Ecosyste.ms: Awesome

An open API service indexing awesome lists of open source software.

Awesome Lists | Featured Topics | Projects

https://github.com/dolthub/doltclusterctl

Utility for interacting with a dolt cluster running within Kubernetes.
https://github.com/dolthub/doltclusterctl

Last synced: 3 days ago
JSON representation

Utility for interacting with a dolt cluster running within Kubernetes.

Awesome Lists containing this project

README

        

doltclusterctl
==============

A small control plane job for interacting with a dolt cluster running within
kubernetes.

This binary perform certain operational tasks on the state of the sql-servers
and the labels for the pods in a dolt cluster. Designed to be run within the
Kubernetes cluster with a service account that has permissions to list and edit
pods and StatefulSets.

Usage
-----

Generally run within a cluster using `kubectl`, and run with a `serviceAccount`
that has permissions to read StatefulSets and to read and edit pods.

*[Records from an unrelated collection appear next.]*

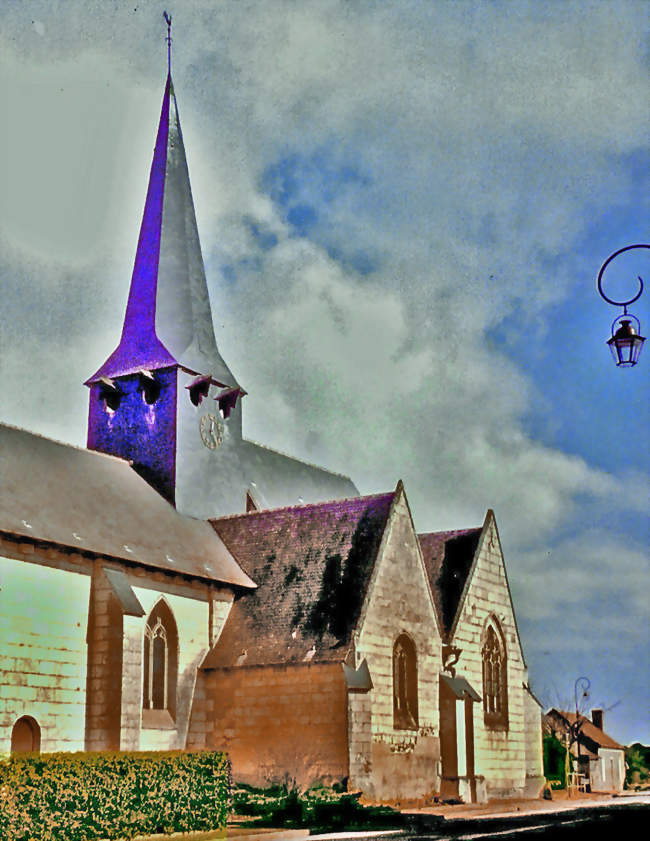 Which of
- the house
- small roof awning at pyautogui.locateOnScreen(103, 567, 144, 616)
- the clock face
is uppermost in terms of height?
the clock face

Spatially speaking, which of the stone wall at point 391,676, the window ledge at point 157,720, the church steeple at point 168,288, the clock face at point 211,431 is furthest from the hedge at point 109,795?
the church steeple at point 168,288

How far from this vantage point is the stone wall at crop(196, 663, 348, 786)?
26.9 meters

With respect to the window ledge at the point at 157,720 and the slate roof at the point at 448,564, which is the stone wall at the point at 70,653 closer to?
the window ledge at the point at 157,720

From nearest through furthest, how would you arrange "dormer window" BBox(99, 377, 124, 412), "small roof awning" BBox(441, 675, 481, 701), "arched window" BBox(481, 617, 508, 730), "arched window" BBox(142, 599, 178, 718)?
1. "arched window" BBox(142, 599, 178, 718)
2. "small roof awning" BBox(441, 675, 481, 701)
3. "arched window" BBox(481, 617, 508, 730)
4. "dormer window" BBox(99, 377, 124, 412)

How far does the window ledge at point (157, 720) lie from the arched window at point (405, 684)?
19.2 ft

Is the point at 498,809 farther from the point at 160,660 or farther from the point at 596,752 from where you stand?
the point at 596,752

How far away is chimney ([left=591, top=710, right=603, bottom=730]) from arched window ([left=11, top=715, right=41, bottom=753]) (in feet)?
194

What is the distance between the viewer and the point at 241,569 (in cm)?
3225

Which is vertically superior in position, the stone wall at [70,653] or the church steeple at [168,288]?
the church steeple at [168,288]

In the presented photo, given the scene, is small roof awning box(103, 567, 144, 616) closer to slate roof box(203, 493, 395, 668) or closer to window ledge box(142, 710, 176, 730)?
window ledge box(142, 710, 176, 730)

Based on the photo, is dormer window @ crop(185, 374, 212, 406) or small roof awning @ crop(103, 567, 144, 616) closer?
small roof awning @ crop(103, 567, 144, 616)

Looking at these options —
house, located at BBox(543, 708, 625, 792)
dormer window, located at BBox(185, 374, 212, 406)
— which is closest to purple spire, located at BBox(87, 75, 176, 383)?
dormer window, located at BBox(185, 374, 212, 406)

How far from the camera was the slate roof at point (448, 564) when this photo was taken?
111 ft

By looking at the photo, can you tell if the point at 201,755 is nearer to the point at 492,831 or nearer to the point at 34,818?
the point at 34,818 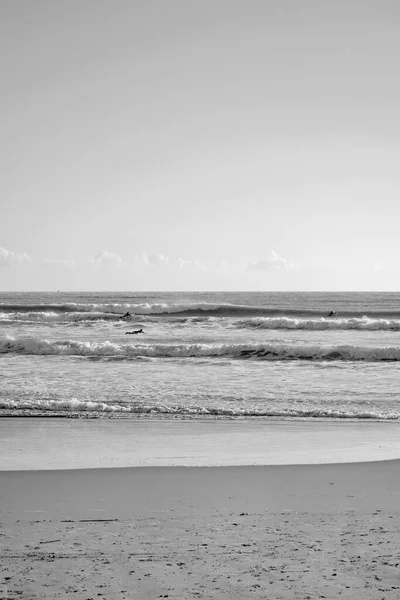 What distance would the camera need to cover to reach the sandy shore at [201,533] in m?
4.07

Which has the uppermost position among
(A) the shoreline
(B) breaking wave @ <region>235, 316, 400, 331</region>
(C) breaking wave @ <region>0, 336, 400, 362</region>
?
(B) breaking wave @ <region>235, 316, 400, 331</region>

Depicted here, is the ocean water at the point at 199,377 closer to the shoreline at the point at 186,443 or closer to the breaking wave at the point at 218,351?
the breaking wave at the point at 218,351

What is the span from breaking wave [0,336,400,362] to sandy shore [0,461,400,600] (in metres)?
14.1

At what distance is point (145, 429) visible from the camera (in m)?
9.92

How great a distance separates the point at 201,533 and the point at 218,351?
17.5 metres

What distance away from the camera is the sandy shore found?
407cm

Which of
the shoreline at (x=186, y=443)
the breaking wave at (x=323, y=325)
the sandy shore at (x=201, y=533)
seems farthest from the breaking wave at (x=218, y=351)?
the sandy shore at (x=201, y=533)

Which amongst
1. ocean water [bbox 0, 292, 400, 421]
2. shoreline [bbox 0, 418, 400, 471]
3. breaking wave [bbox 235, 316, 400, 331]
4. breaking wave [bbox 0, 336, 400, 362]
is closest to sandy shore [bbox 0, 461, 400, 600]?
shoreline [bbox 0, 418, 400, 471]

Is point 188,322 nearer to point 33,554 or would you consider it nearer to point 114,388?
point 114,388

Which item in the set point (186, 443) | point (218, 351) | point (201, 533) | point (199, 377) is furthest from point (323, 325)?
point (201, 533)

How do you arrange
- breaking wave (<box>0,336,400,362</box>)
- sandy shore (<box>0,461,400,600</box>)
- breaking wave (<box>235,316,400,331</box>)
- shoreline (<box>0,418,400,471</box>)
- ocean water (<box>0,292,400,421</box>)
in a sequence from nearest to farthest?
sandy shore (<box>0,461,400,600</box>), shoreline (<box>0,418,400,471</box>), ocean water (<box>0,292,400,421</box>), breaking wave (<box>0,336,400,362</box>), breaking wave (<box>235,316,400,331</box>)

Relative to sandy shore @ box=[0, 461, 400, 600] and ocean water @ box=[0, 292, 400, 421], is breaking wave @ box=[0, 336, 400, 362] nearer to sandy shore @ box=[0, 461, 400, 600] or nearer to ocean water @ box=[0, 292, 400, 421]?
ocean water @ box=[0, 292, 400, 421]

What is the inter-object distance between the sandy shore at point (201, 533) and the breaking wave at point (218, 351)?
46.2ft

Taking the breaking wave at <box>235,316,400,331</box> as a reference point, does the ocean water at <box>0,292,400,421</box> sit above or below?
below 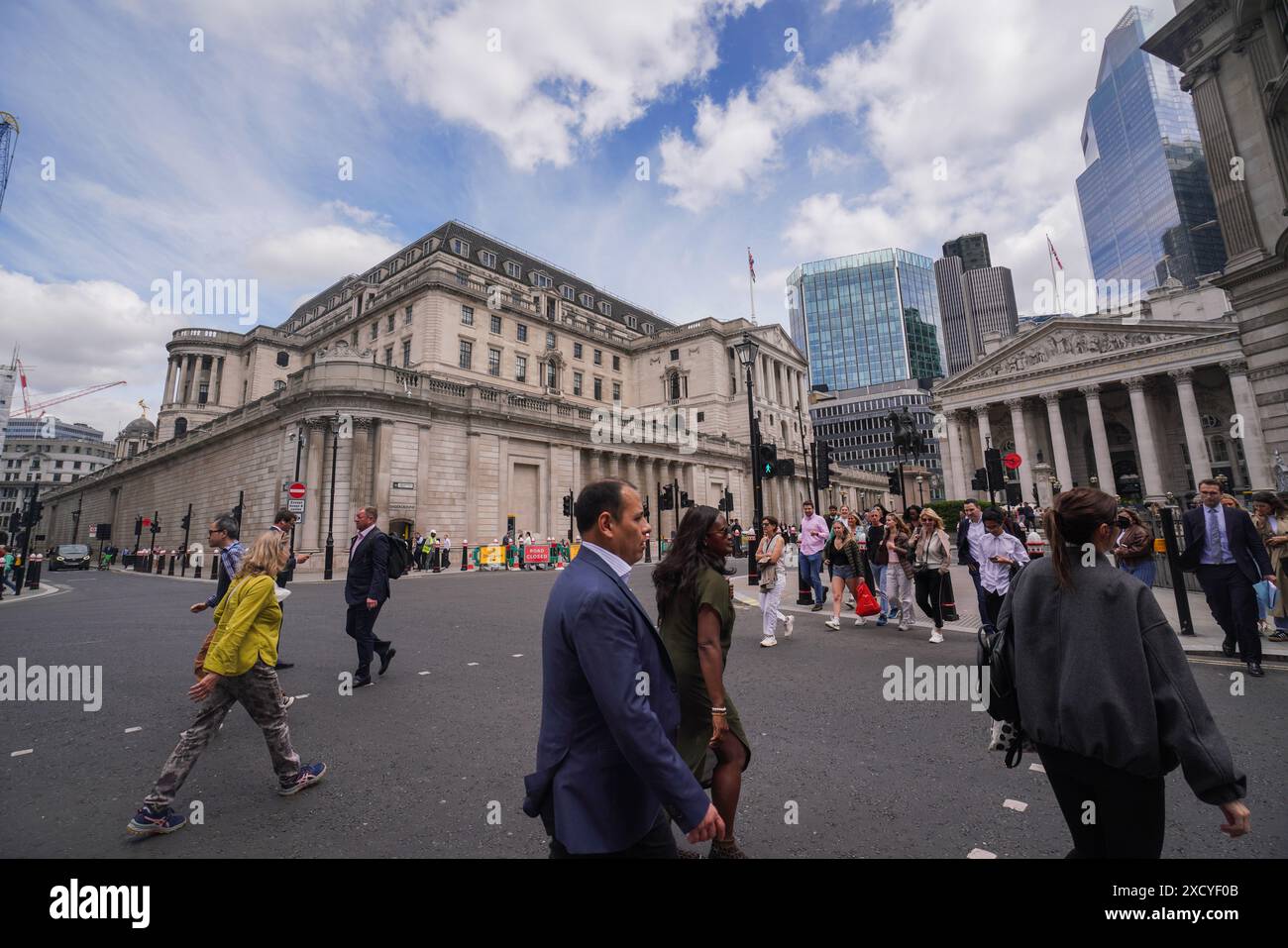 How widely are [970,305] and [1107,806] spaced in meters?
204

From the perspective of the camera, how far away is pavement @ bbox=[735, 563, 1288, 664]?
7.24 m

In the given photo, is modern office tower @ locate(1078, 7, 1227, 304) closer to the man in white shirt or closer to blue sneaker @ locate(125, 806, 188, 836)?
the man in white shirt

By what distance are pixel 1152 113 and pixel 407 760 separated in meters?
123

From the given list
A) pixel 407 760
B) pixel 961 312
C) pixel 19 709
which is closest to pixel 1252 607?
pixel 407 760

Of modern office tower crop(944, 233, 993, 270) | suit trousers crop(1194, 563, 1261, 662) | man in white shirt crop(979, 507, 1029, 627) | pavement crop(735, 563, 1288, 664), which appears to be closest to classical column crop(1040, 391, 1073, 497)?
pavement crop(735, 563, 1288, 664)

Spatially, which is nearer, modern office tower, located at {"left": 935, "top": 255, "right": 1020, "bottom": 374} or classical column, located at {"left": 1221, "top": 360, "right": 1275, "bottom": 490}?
classical column, located at {"left": 1221, "top": 360, "right": 1275, "bottom": 490}

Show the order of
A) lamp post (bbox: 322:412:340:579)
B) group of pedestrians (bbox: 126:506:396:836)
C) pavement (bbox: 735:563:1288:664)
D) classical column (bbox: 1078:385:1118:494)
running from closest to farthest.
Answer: group of pedestrians (bbox: 126:506:396:836) < pavement (bbox: 735:563:1288:664) < lamp post (bbox: 322:412:340:579) < classical column (bbox: 1078:385:1118:494)

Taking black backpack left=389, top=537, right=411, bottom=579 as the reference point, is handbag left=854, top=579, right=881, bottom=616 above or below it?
below

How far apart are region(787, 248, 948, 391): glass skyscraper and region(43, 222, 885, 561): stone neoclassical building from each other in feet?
167

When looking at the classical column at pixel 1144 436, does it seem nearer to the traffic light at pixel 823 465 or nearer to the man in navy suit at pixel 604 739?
the traffic light at pixel 823 465

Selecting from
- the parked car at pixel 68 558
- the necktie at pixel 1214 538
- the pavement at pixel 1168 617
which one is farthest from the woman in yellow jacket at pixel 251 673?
the parked car at pixel 68 558

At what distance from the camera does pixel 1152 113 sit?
81.4 m

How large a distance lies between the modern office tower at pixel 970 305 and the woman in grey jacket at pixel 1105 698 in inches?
7163

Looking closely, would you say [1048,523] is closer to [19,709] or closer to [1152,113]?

For example, something like:

```sh
kubectl run -i --tty \
--image localhost:5000/doltclusterctl:latest \
--image-pull-policy Always \
--restart=Never \
--rm \
--overrides '{"apiVersion": "v1","kind": "Pod","spec": {"serviceAccountName": "doltclusterctl"}}' \
-n dolt \
doltclusterctl -- \
doltclusterctl -n dolt applyprimarylabels dolt
```

The `-n NAMESPACE` flag tells the binary which namespace the StatefulSet lives
in. The default is `default`.

The next parameter is the operation to run. The operations are:

- `applyprimarylabels`
- `gracefulfailover`
- `promotestandby`
- `rollingrestart`

The last parameter is the name of the stateful set on which to operate.

Operations
----------

`applyprimarylabels` is the simplest operation. It queries the state of the
dolt servers running within the stateful set and looks for the server instance
which is currently the primary. If it finds it, it applys appropriate labels to
the Pods in the StatefulSet so that traffic will be routed to the primary.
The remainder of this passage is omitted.